New battery. Car starts, but will not move forward or reverse.
My Mitsubishi lancer 2003 was undriven for about a year. The battery died so i just
replaced it. When I started it the car started and is running, but the battery and parking
brake light on. It is a manual transmission, so when I put it in first gear or reverse the car
only rev but the speed stays at zero. The parking brake was newly maintained as well as
the starter before I stopped driving the car a year ago. I check the new battery with a
battery charger and it was low so I recharged it, but the car still shows the battery &
parking brake lights and I cannot drive forward or reverse.
Please help. What else should I check?
Brakes could be seized to rotors or drums. Jack up vehicle and try to spin each wheel by hand. Note that vehicle will need to be in neutral for front wheels to spin and the parking brake will have to be released for rear wheels to spin. Also is your an automatic or standard model? As far as the lights to make sure the battery connections are clean and tight.
Thanks dandyyoun, I will try that later today. It is an OZ Rally standard. The shift stick shifts from 1st gear to fifth gear and reverse gear fine, without any issue. My car is currently parked on my driveway which is slightly tilted. My Lancer will roll backwards on my driveway since it is a standard, so I always have in neutral or first gear and put the parking brakes (E brakes) on.
Ok if it rolls it's not a brake seize issue.
If you have it in gear and e brake released will it still roll? If so possibly clutch slipping or slave cylinder not releasing pressure on thro out bearing causing the clutch to slip. Just a thought though.
Thanks dandyoun, your rely was really helpful! The brakes really was seized. My neighbour a crossed the street saw me trying to un-seized the brake today, so he came over with a circular metal pipe and a hammer and tapped my drum brakes and front disc brakes the wheels un-seized itself. He then asked me to start my car and tapped my alternator and the battery and parking brake lights turned off. I then had to rev in reverse and in first gear above 4,000 rev in order to get the car moving. The speed odometer still stayed at zero, but eventually started to move when I rev over 4,000 rev in 1st, 2nd, and 3rd gear. If I rev lower than 4,000 it nearly moved at all in each gears. Eventually it started to work normally. Thank you so much for you input and help. I greatly appreciate it.
I currently have another question: this all start when I let Mitsubishi service my car and my car has never been the same since. My car makes a "tick tick tick" sound when the car is in motion, when I accelerate, or when I am reversing. The car is fine and no issue when it is idle and running. Only then the car starts moving then the sound starts. Had a Mitsubishi tech student look at it and a small shop mechanic look at it they replace the arm and strut and other stuff, but noise still continue. Thanks in advance!
Glad you got it moving. The tick sounds could be any number of things. Cv joints, brake pads or wheel bearings to name a few. Can you tell from which wheel the noise is coming from?
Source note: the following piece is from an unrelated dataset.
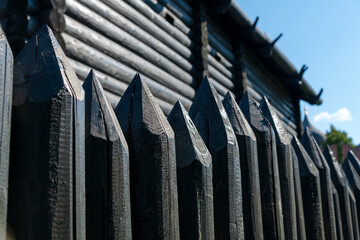 Close-up view of black wooden wall made of sharp wooden stakes standing by black log cabin in a sunny summer day. Clear blue sky. Soft focus. Copy space for your text. Protection theme.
The brake pads and wheel bearing were checked back then. The CV joints they didn't look at or mention. I read online that it is something that needs to be dealt with ASAP. I mostly do not have the knowledge to fix it. Is it easy or hard to fix? The noise Is coming from the front wheels, sometimes I hear it on the left passenger side, this time I heard it on the driver side. One of the people looking at my car at year or two ago regarding this issue suggested it maybe the catalytic converter. He was the one checking the brake pads and wheel bearing and he replaced some other parts on the wheel area trying to fix the issue at hand. Cost of labour and part was start to cost more than the value of the car so I stop letting him keep trying.
Sorry for the incorrect grammar, the auto-correct on this iPad keeps changing some words automatically after I go and fixed the words
Mine does the same thing. Auto correct is not always correct. Lol. Visually inspect the boots of cv joints. Are they cracked? Is grease coming out of them? If so it's probably time to replace them. When you make a slow tight turn does the sound get louder? If so cv joint issues.
Sorry for the delay in replying back. When I drive it for a while the sounds reduces a bit, But It does makes the noise when I make the turns or go in the lower speeds and the sound does get loud again. You can hear the sound inside the car, but if I have the windows open you don't hear it as much from the outside of the car. There is no issue with the clutch or shift stick works perfectly. My friend across the street said that my transmission maybe low on oil. i haven't got the chance to look at the cv joints yet, will have to wait awhile until I do. When I do get the time to check it, I will respond back on here regarding the cv joints. Thanks again so much for helping me out. This cars value now a days is around $1,000 or more and only has 100,000km on it, and I don't really want to spend more than its worth to fix it.